Qui dit présence dit aussi PRÉSENT ! La véritable présence est effectivement une constante présence au présent - et même au présent (cadeau, don) du présent ! Car le présent est tout ce qu'il reste lorsque je ne vis plus ni dans le passé ni dans le futur, ni dans les pensées sur moi ni dans les pensées sur les autres, mais que je me replace, nu, au "centre de moi-même", là où, en tant qu'esprit, je suis libre des limites du temps et de l'espace, là où je ne suis plus soumis à l'intellect, qui est incapable lui de vivre le présent, incapable de se satisfaire d'être juste là, totalement Ici & Maintenant (voir "Le pouvoir de l'Ici & Maintenant"). C'est pourquoi il est en fait plus facile de chercher d'abord le non-mouvement intellectuel plutôt que de vouloir chercher directement le mouvement spirituel, car sinon cette quête sera récupérée par l'intellect qui y appliquera ses stratégies habituelles, totalement inadaptées et inopérantes dans ce cas.

Aussi paradoxal que cela puisse paraître pour l'intellect, pour lequel ce centre du présent s'apparente à un point d'immobilité sur l'échelle des temps, rester ouvert et connecté au présent demande, exige pour s'y maintenir une constante mobilité intérieure, un état de VEILLE de tous les sens de l'être, intérieurs et extérieurs ! Un tel état dynamique s'avère bien plus difficile au début, bien plus exigeant que le simple et seul mouvement intellectuel des pensées, le plus souvent en mode totalement automatique et conditionné.
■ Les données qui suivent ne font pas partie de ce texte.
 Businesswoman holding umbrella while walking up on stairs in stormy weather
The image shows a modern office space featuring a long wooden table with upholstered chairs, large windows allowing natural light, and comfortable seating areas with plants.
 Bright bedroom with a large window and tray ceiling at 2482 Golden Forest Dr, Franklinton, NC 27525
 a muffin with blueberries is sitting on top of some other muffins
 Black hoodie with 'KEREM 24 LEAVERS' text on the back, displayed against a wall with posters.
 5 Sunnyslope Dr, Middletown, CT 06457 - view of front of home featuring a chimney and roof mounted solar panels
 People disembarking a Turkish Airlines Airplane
Mais c'est ainsi seulement, lorsque je me donne activement et totalement à ce présent, et uniquement à ce présent, que je peux vraiment trouver la riche expérience vécue spirituelle ! Celle à laquelle chacun aspire au plus profond de son être, celle qui fait mûrir et évoluer, celle qui reste à jamais gravée en nous et qui ainsi seule donne en retour l'impression de vivre vraiment !

Il est beaucoup plus facile de parler du mouvement intellectuel que du mouvement spirituel, puisque les mots sont liés à l’intellect, mais lorsqu’on a commencé à se réveiller spirituellement, on le sent ! On ne sait pas bien le décrire, mais on le sent ! On le sent, car c’est très différent du mouvement ronronnant auquel on était habitué jusqu’alors, et qui n’était que le mouvement intellectuel, le mouvement du mental. Le mouvement spirituel est à la fois plus doux, plus léger, plus profond...
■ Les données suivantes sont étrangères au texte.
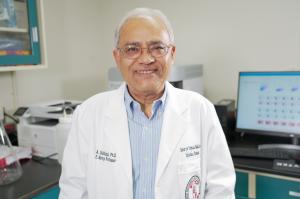 Dr. Afzal Siddiqui, Ph.D., standing in his laboratory where he conducts vaccine research.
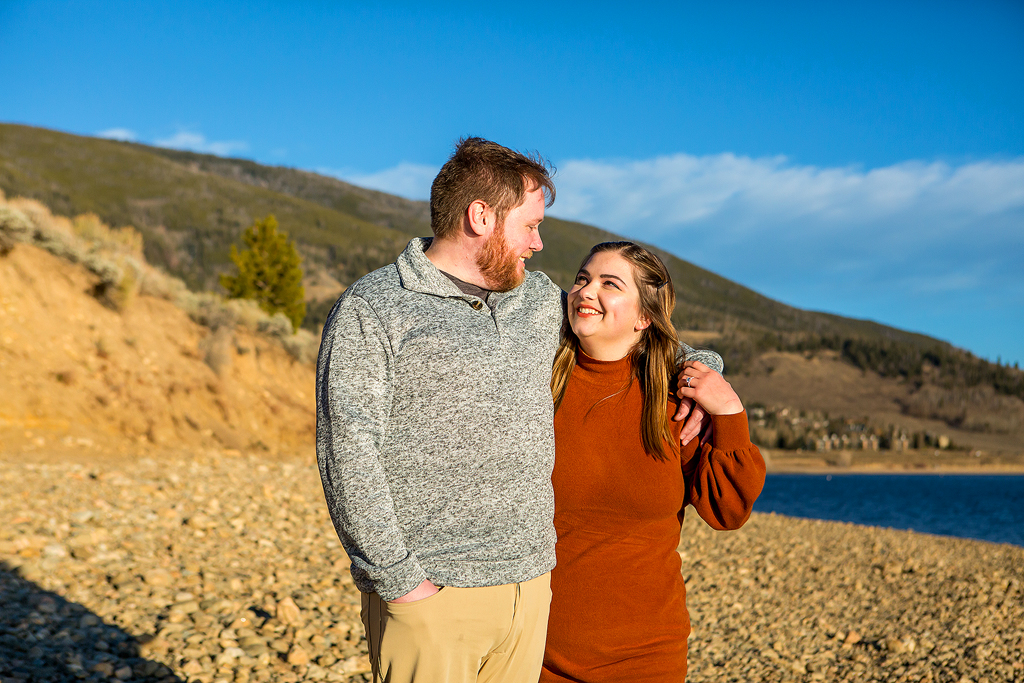 Greg and Rachel walking together after their Colorado surprise proposal in Dillon.
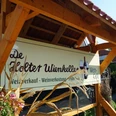 Weincafé De Holter Wienkeller Schild mit der Aufschrift De Holter Wienkeller und Angeboten wie Weinverkauf, Weinverkostung und Frühstück unter einem Holzdach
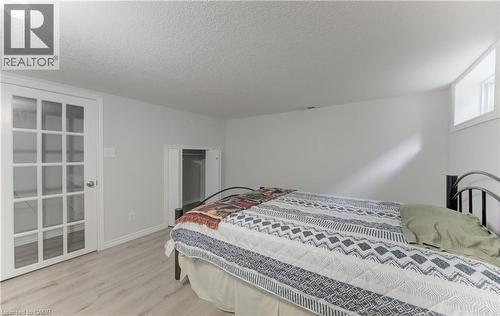 Room featuring wood-finish flooring, white walls, and a window for natural light - 104 Mausser Avenue, Kitchener, ON 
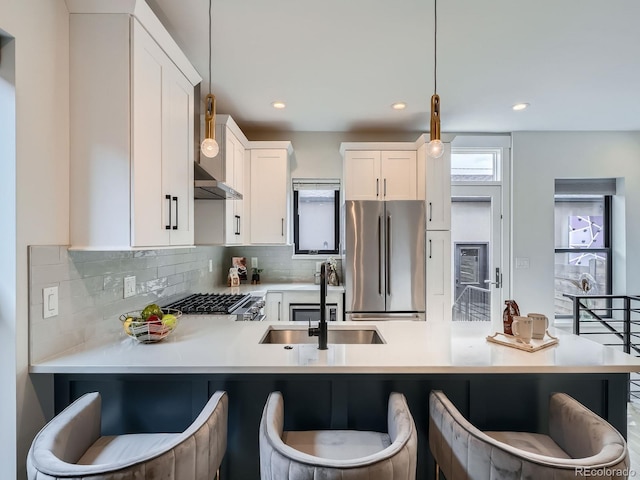 kitchen featuring freestanding refrigerator, hanging light fixtures, a sink, light countertops, and backsplash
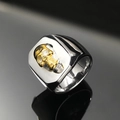 Macro shot of two-tone silver and gold skull ring for men with sharp metallic reflection - US 12 / Gold & Silver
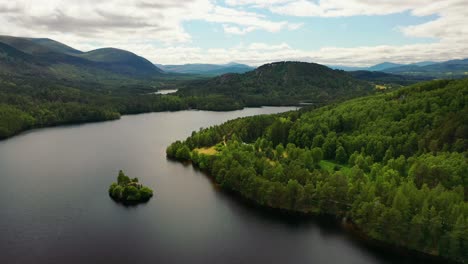 Aerial-Mystique-of-the-Highlands:-Loch-An-Eilein-and-Castle-Ruins-Surrounded-by-Scots-Pine,-Aviemore's-Natural-Heritage,-Cairngorms,-Scottish-Highlands,-Scotland,-UK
Enfin, qui dit mouvement spirituel dit aussi CONNEXION spirituelle ! Surtout n'y voyez là aucun faux mysticisme, cela n'a rien à voir avec les images que l'on s'en fait du type "channeling" ("canalisation"), qui ne relèvent pas du tout pour moi d'une telle connexion. Mais il me faut bien reconnaître et oser affirmer, lorsque je me sens en réel mouvement intérieur, qu'il y a une conscience intime de connexion à... "quelque chose"... quelque chose d'indescriptible, car bien au-delà du mental, mais de profondément vivant... Source pour moi de force et de joie. Source de mon propre mouvement intérieur de vie. Ce que j'appelais "Ça" dans ma chronique n°2, et qui me paraissait si loin à l'époque, juste une aspiration, alors qu'aujourd'hui je sens qu'un Lien s'est réellement créé... À moi de l'entretenir sans cesse !
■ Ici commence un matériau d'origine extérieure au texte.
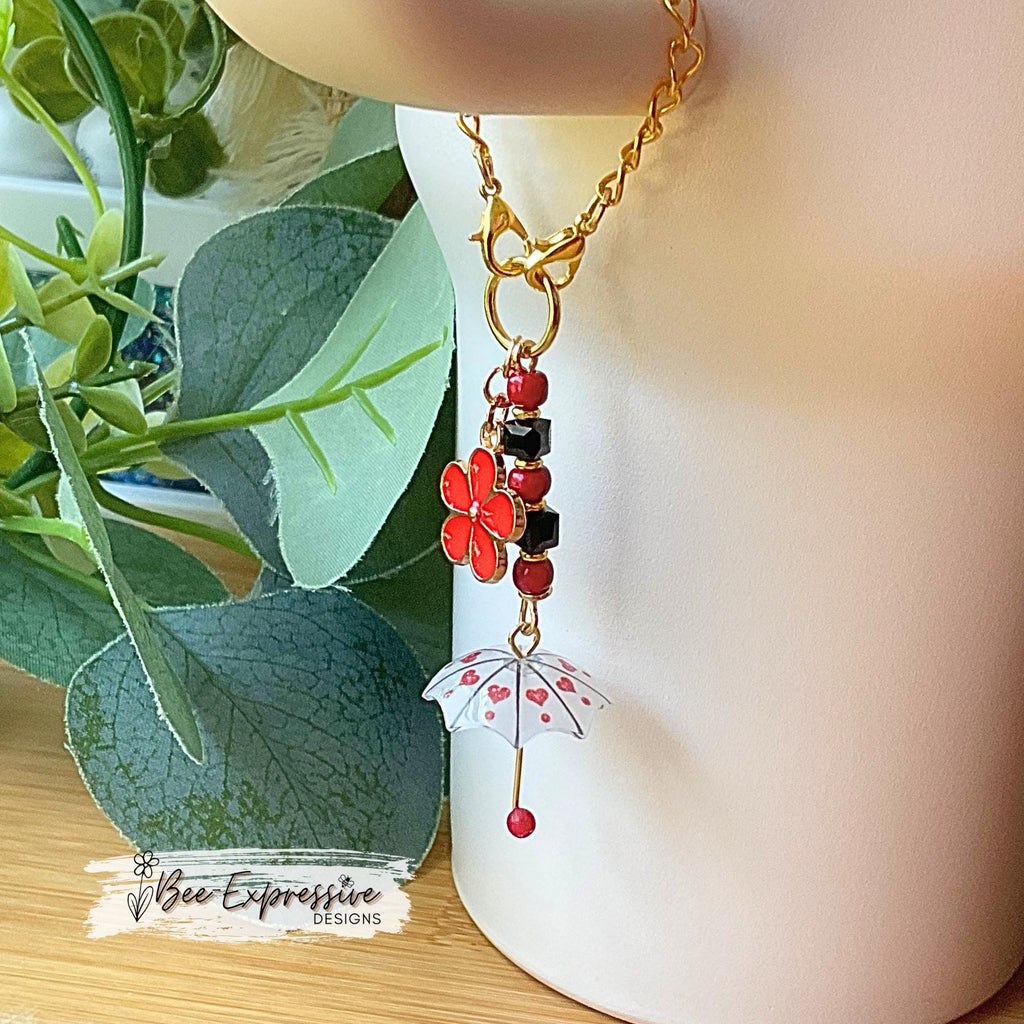 Beaded, umbrella charm chain for the Stanley tumbler! Acrylic beads, gold toned spacers, red daisy flower charm, lobster clasps, unique!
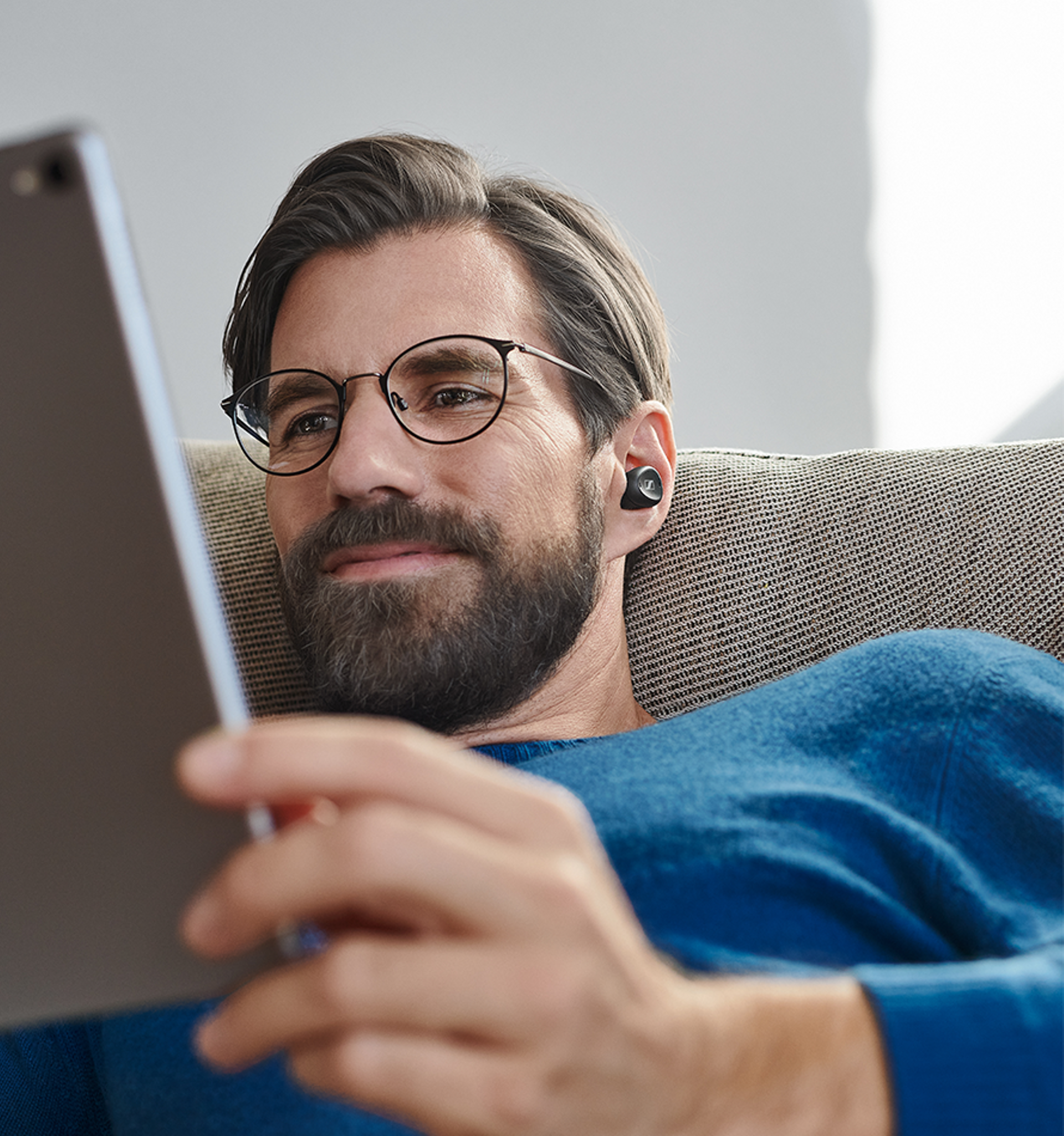 Man with TV Clear while watching something on his tablet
Ce mouvement spirituel étant le seul mouvement vivant (qui porte la vie en lui, et non comme un simple sous-produit), chacun peut travailler à voir et ressentir à quels moments de sa vie il se sent vraiment ainsi vivant intérieurement (pas intellectuellement, mentalement ou senti-mentalement), pour ensuite s'attacher à nourrir et faire durer de plus en plus en lui la vibration intime correspondant à ces instants essentiels. Car la vie propre à l'esprit vie-vifie. Toujours. La vie de l'esprit adoucit, elle n'exalte pas. La vie de l'esprit dynamise, elle ne fatigue pas. La vie de l'esprit épanouit, elle ne sclérose pas. Dans le cas contraire, ce n'est pas la vie de l'esprit, c'est l'intellect à sous-vie !

La vraie vie humaine ne peut être que celle de l'esprit, mobile et conscient. Pleinement vivant et se donnant. Joyeux et heureux en retour.